There is no doubt that easy access to the Internet, like the introduction of the mail service and the invention of the telephone, has changed the nature of people’s connection to others in their social world. The mail made connections possible between people without physical proximity, and the telephone facilitated communication between distant people, enabling fast connections over long distances.

But has this communication revolution changed the sheer nature of interpersonal and group processes?

On the one hand, since the main use of the Internet is communication, some people might speculate that the Internet will have positive social consequences in people’s daily lives because it increases the frequency and quality of interpersonal communications between people. People with easy access to others would feel better connected to and more supported by others, leading to happiness and engagement with families, organizations, communities, and society at large.

But, on the other hand, the ease of electronic communication can lead to weaker social ties, because people have fewer reasons to leave their homes and interact face-to-face with other people. The Internet makes it easier for people to work from home, form and maintain friendships and even romantic ties from home, bank from home, vote, and engage in political and social discussions with others (from home).

In these variety of ways, Internet communications can potentially displace face-to-face communications. I think this point is important because psychologists in much research have described and tested such face-to-face and telephone connections as being of higher quality, when viewed in terms of their contribution to satisfaction and well-being.

By reading a number of longitudinal and experimental studies (e.g., McKenna, Green, and Gleason) testing a theory of Internet relationship formation, these researchers directly address the argument that the psychological quality of Internet social interaction is less than psychological quality. traditional face-to-face interaction.

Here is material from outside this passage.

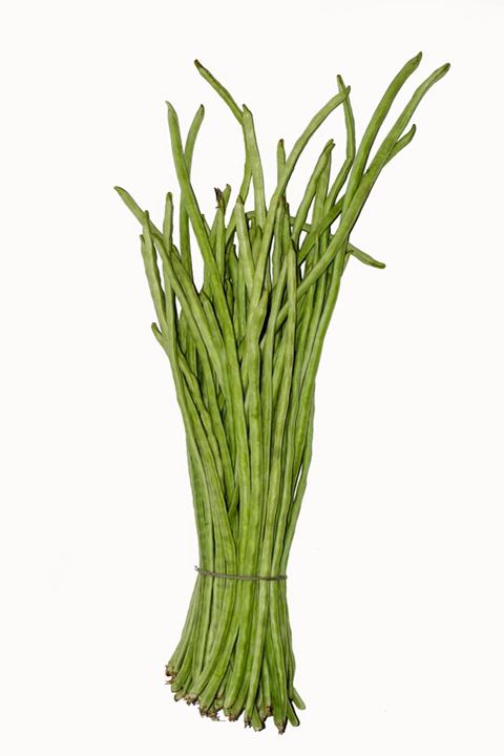The crisp, tender pods are eaten both fresh and cooked. They are at their best when young and slender, and are sometimes cut into short sections for cooking. As a West Indian dish, they are often stir-fried with potatoes and shrimp. In Odisha, India, they are used to make a variety of dishes, especially a sour dish called Jirunga basara, cooked along with mustard sauce and lime.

Consider my own usage. I have received several emails in the last hour. My boyfriend confirms dinner for tonight. Despite the fact that it is the weekend, my classmates send me questions about the pending exam, expect a quick response. So does a graduate student from Europe, who I recently put on “MySpace” with an urgent request for a letter of recommendation. My friend Ksenija sends me an IM to tell me the latest news about her new love. And so on and so on…

I guess I’m also living a virtual life, and what’s most interesting of all, all my friends online are also my friends in real life. And if they were not in the past, I somehow managed to bring my cyber friends into my real life, so that here in my real life I could allow real communication, real face-to-face “chats”, real exchange of emotions. , feelings of happiness, satisfaction and well-being. I would say that for me the Internet is a great new way of doing old things.

So what other conclusion can I bring except that life on the Internet cannot sustain itself without real life communication? It’s simple: if we understand the qualities of face-to-face communication that influence the impact of face-to-face communication on people and their social interaction, we could predict the likely influence of any new communication technology. However, researchers show that sooner or later people convert their online contacts to more traditional face-to-face contacts, just like I did. People use the Internet, in other words, to help them achieve their real-life goals. And instead of technology changing people’s social and psychological reality, in other words, people change their use of technology to facilitate the creation of a desired social reality.

Internet users need to closely examine their behavior to ensure that excessive time spent online does not negatively affect their personal well-being. We shouldn’t throw our computers out the window, but we shouldn’t blindly carry our total dependence on the Internet either. As with many things in life, it seems that moderation and balance are the key to maximizing the positive effect of the Internet.